Hi!
The tree is built recursively, and with each call further down the recursion the current depth is increased. When the current depth is the same as the max depth we return.
# Not graded
tree = []
def build_tree_recursive(X, y, node_indices, branch_name, max_depth, current_depth):
"""
Build a tree using the recursive algorithm that split the dataset into 2 subgroups at each node.
This function just prints the tree.
Args:
X (ndarray): Data matrix of shape(n_samples, n_features)
y (array like): list or ndarray with n_samples containing the target variable
node_indices (ndarray): List containing the active indices. I.e, the samples being considered in this step.

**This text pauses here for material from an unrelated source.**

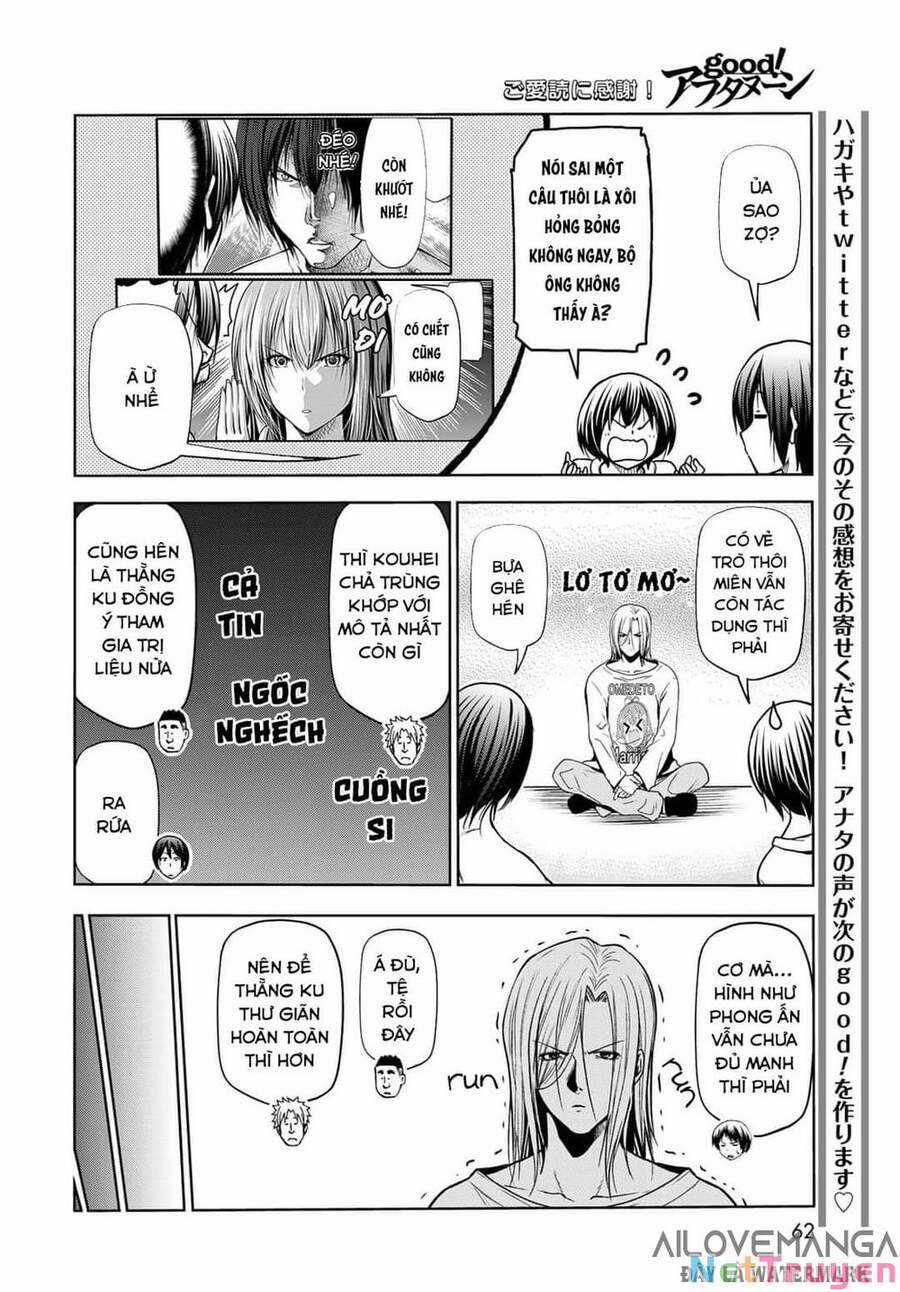 Grand Blue - Chapter 73.2 - Trang 4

branch_name (string): Name of the branch. ['Root', 'Left', 'Right']
max_depth (int): Max depth of the resulting tree.
current_depth (int): Current depth. Parameter used during recursive call.
"""
# Maximum depth reached - stop splitting
if current_depth == max_depth:
formatting = " "*current_depth + "-"*current_depth
print(formatting, "%s leaf node with indices" % branch_name, node_indices)
return
# Otherwise, get best split and split the data
# Get the best feature and threshold at this node
best_feature = get_best_split(X, y, node_indices)
formatting = "-"*current_depth
print("%s Depth %d, %s: Split on feature: %d" % (formatting, current_depth, branch_name, best_feature))
# Split the dataset at the best feature
left_indices, right_indices = split_dataset(X, node_indices, best_feature)
tree.append((left_indices, right_indices, best_feature))
# continue splitting the left and the right child. Increment current depth
build_tree_recursive(X, y, left_indices, "Left", max_depth, current_depth+1)
build_tree_recursive(X, y, right_indices, "Right", max_depth, current_depth+1)
in this instantiation of the create tree function we do not use set a threshold.
But in order to do that simply add in a parameter, with the threshold to check against.
If both the left and right side don’t reach the threshold then return from the function.
Now, to answer the question of what should the depth and threshold be? We can do something called hyperparameter search. A simple one to understand is grid search. Take the two parameters that we want to find optimal values for, depth and threshold. Generate a set of values for the two parameters and combine them in every possible combination. Then use those values to create a bunch of decision trees and select the one that best fits the data.
There are other ways to do hyperparameter search that you can look up if interested.
Hope this helps!
Sam